- _Your task_:
The result should be an exact copy of only the lines from the one holding "BEZEL OEM GRAY" through the last line of the data below, please, without pictures.

- _Dataset extract_:
======
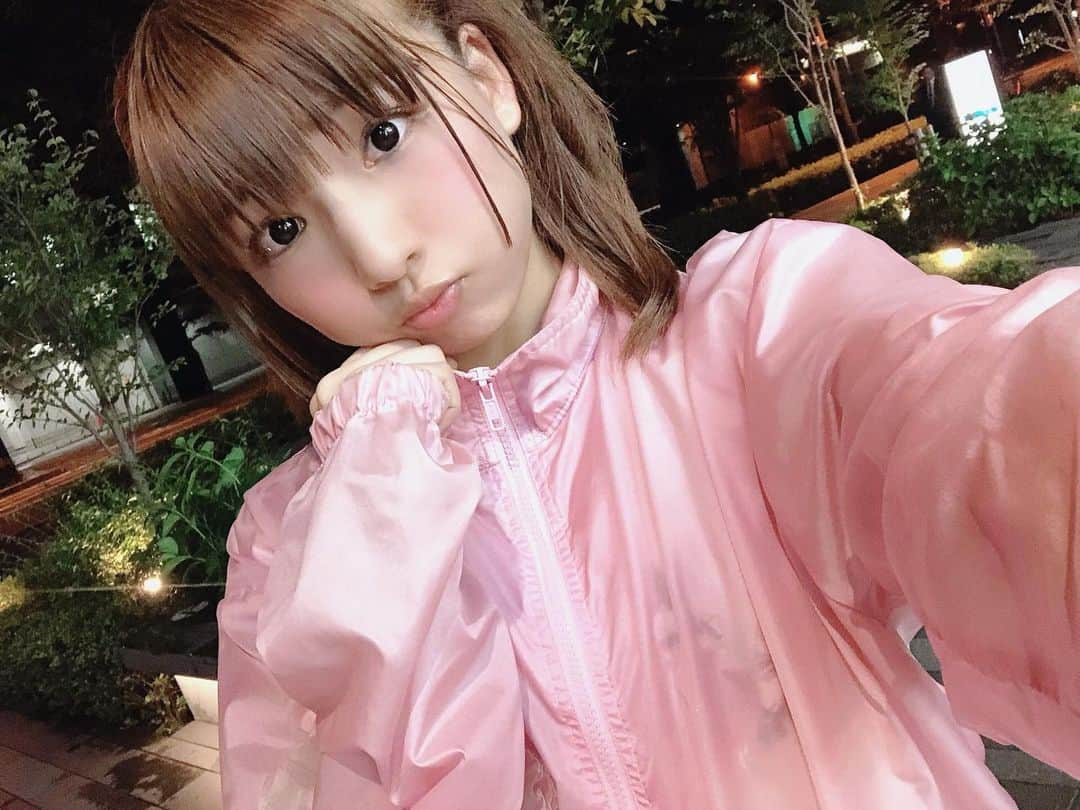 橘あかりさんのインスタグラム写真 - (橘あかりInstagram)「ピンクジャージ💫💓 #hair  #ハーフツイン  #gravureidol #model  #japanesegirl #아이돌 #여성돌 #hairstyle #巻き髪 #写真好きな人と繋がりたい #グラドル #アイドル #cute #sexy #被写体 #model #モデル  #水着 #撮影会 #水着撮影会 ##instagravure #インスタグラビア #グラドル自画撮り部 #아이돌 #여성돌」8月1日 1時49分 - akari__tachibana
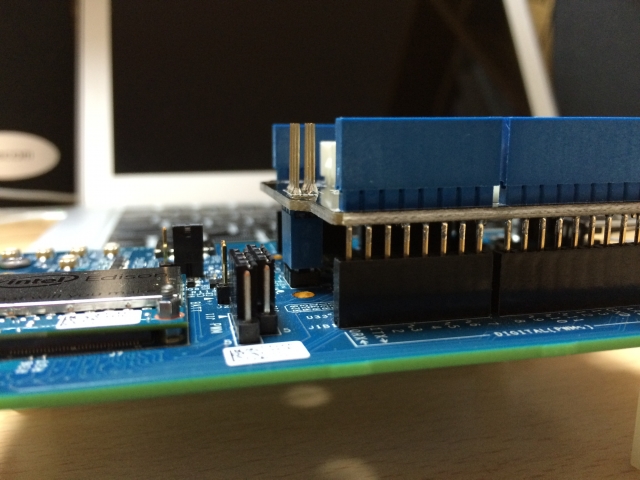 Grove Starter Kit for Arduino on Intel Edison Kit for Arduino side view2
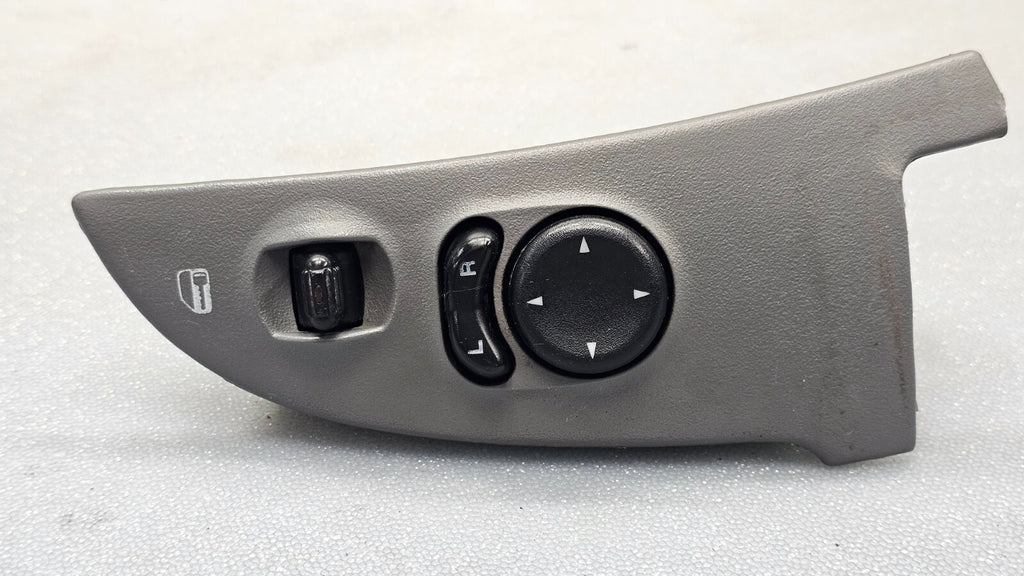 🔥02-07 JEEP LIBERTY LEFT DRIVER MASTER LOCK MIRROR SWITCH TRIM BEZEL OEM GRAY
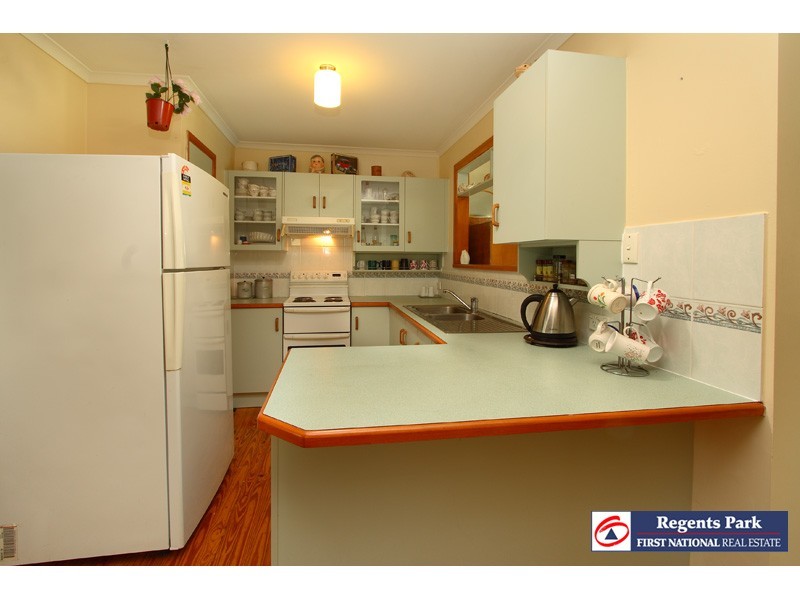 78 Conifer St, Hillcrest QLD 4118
======
- _Answer area_:
 🔥02-07 JEEP LIBERTY LEFT DRIVER MASTER LOCK MIRROR SWITCH TRIM BEZEL OEM GRAY
 78 Conifer St, Hillcrest QLD 4118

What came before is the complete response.